Only months after MacArthur’s victory on officer pensions, a reporter asked the War Department for biographical information on Collins for an article. MacArthur aide Dwight Eisenhower brushed off the inquiry, saying that perhaps the reporter should ask for the information from Collins himself: “He is a publicity seeker and would be highly pleased to find his name in print.”
Despite these obstacles, MacArthur and Dern actually succeeded in saving millions of dollars from the ax of New Deal and congressional budget cutters—the result of both MacArthur’s cooperation on the CCC and his willingness to spend long hours at the White House in late 1933 talking with Roosevelt about the dangers of Japanese militarism and the rise of European fascism. While it’s not clear just how much MacArthur was able to salvage in his budget as a result of these informal talks, his quiet dinners with Roosevelt (noted by Roosevelt campaign mastermind James Farley, who spied MacArthur sneaking in the back door of the White House one evening) helped to ease the mistrust that existed between the two. The quiet discussions served the purposes of both men: Roosevelt could test out his political ideas on a core conservative, while MacArthur could personally lobby for more money for the army.

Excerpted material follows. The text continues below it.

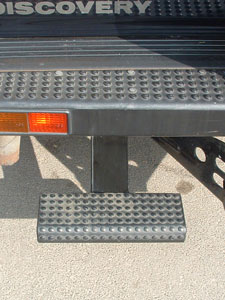 FF003743 - Hydraulic Rear Folding Step - Genuine Part - Land Rover Discovery 1994-98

It’s possible to exaggerate the impact of these informal meetings, for they did little to convince either man to shift his political views. Roosevelt was an unshakable and dedicated progressive, while MacArthur retained his deep contacts with conservative Republicans. Nor, as it soon became clear to MacArthur, was a personal plea likely to result in anything more than a marginal increase in his budget—if that. A photograph from this era reflects this fundamental truth: It shows MacArthur, Dern, and Roosevelt laughing together, with Roosevelt’s head back and his eyes firmly on MacArthur. Dern is the odd man out in the picture, with MacArthur and Roosevelt’s eyes locked together in competitive camaraderie. So too it must have seemed to both of them during their informal meetings. The two smiled and laughed and exchanged views, but they remained locked together in a personal struggle, with neither giving ground. “Why is it, Mr. President, that you frequently inquire my opinion regarding the social reforms under consideration,” MacArthur asked Roosevelt during one of these dinners, “but pay little attention to my views on the military?” Roosevelt gave a blunt retort: “Douglas, I don’t bring these questions up for your advice but for your reactions. To me, you are the symbol of the conscience of the American people.” MacArthur was chagrined. “This took all the wind out of my sails,” he would later write. Roosevelt was plumbing his political views—testing out his ideas on a conservative audience. But as far as the budget was concerned, the president hadn’t even been listening. The confrontation was yet to come.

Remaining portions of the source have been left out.